Skip to content

v1.4.0 — Hybrid retrieval + cross-library benchmarks

Choose a tag to compare

@vivekptnk vivekptnk released this 09 Jun 22:16
· 25 commits to main since this release

Hybrid BM25 + dense retrieval and a cross-library benchmark harness (FAISS + ScaNN). The core ProximaKit target remains Foundation + Accelerate only — no new external dependencies.

Added

  • Cross-library benchmark harness (Benchmarks/). Standalone SPM package
    ProximaBench that compares ProximaKit HNSW against FAISS HNSW and ScaNN
    on identical datasets and identical brute-force ground truth. The core
    ProximaKit target stays dependency-free — baselines run in Python and
    all harnesses write a flat JSON schema (see Benchmarks/JSON_SCHEMA.md).

    • Swift subcommands: ground-truth (exact k-NN via BruteForceIndex)
      and hnsw (build + timed search + recall@k against GT).
    • Python baselines under Benchmarks/python/: faiss_hnsw.py,
      scann_hnsw.py (auto-skips on unsupported platforms), compare.py
      aggregator that emits a Markdown table.
    • Datasets: SIFT1M 100K subset + MS MARCO passages 50K (MiniLM-L6-v2
      embeddings). Idempotent download scripts under Benchmarks/datasets/.
    • Metrics: recall@10 vs exact GT, p50/p95 query latency, QPS, build time,
      resident memory (mach_task_basic_info on Swift, psutil on Python).
  • docs/BENCHMARKS.md — "Cross-Library Comparison" section with
    design rules, dataset table, metrics table, and end-to-end reproduction
    steps that call the harness binaries directly.

  • docs/adr/ADR-005-benchmark-methodology.md documenting why the
    baselines live out-of-process and why Benchmarks/ is a separate SPM
    package rather than a target of Package.swift.

  • CI: .github/workflows/benchmark.yml. Smoke slice (SIFT1M 10K) runs
    on every PR that touches Sources/ProximaKit/** or the harness. Full
    slice (100K) runs nightly. Results (per-library JSON + aggregated
    compare.md) are uploaded as workflow artifacts.

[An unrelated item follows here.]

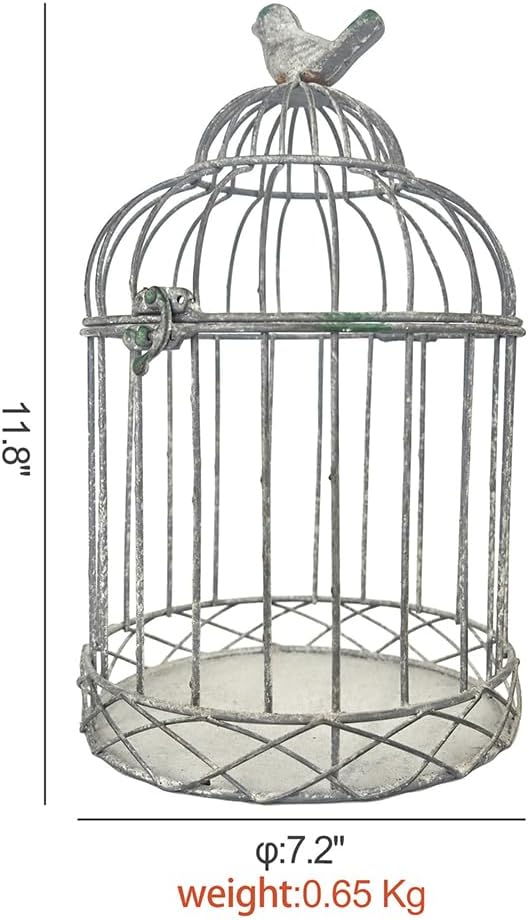 Rustic Vintage Birdcage Planter Holder Farmhouse Distressed Decor Metal Iron Round Plants Stand with Latch Lock Closure for Wedding Garden Patio Indoor Outdoor Home Table Centerpiece Decorations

  • Hybrid retrieval (BM25 + dense). Three new public types in the core
    ProximaKit target, sibling to the existing dense-only stack:

    • SparseIndex — BM25 actor (SparseVectorIndex protocol), Okapi scoring
      with Lucene-style log(1 + (N − df + 0.5) / (df + 0.5)) IDF, configurable
      k1 / b, tombstoning + auto-compaction matching HNSWIndex.
    • HybridIndex — concurrent fan-out over a dense VectorIndex and a
      SparseVectorIndex, with HybridFusionStrategy = .rrf(k:) (default,
      k = 60) or .weightedSum(alpha:).
    • HybridVectorStore — sibling of VectorStore with the same
      addChunks / query / removeDocument / save shape. Persists both
      legs side-by-side (index.pxkt + index.pxbm).
  • BM25Tokenizer protocol with DefaultBM25Tokenizer — Unicode word-break
    segmentation + lowercasing, no NaturalLanguage dependency. Bring-your-own
    tokenizer for language-aware tokenization (e.g. Lumen's NLTokenizer).

  • BM25Configuration with k1, b, autoCompactionThreshold knobs.

  • .pxbm binary persistence for SparseIndex via an extension on
    PersistenceEngine. Same header / offset layout conventions as
    .pxkt; compacts tombstones on save.

  • docs/HYBRID.md — hybrid retrieval design, fusion-strategy rationale,
    Lumen opt-in snippet.

  • 40 new tests across SparseIndexTests, DefaultBM25TokenizerTests,
    HybridIndexTests, and HybridVectorStoreTests, including a 1K-doc BM25
    parity check against an oracle implementation and the RRF
    top-k ⊇ (dense ∩ sparse) invariant on constructed cases.

Changed

  • .gitignore now tracks Benchmarks/ sources but ignores the on-demand
    Benchmarks/datasets/ payloads and Benchmarks/out/ run artifacts.
  • docs/ADR-006-lumen-integration.md — new addendum covering the hybrid
    opt-in path. The v1.1 VectorStore contract is unchanged.

Fixed

  • SparseIndexTests.testBM25ParityAgainstOracle no longer flakes when BM25
    score ties straddle the top-k truncation boundary. Both the oracle and
    SparseIndex are queried with k + 50 and the assertion walks fully
    realized score buckets until it covers the top-k window — BM25 makes no
    tie-break guarantee, so the test now verifies only what parity actually
    demands (score agreement across the top-k window).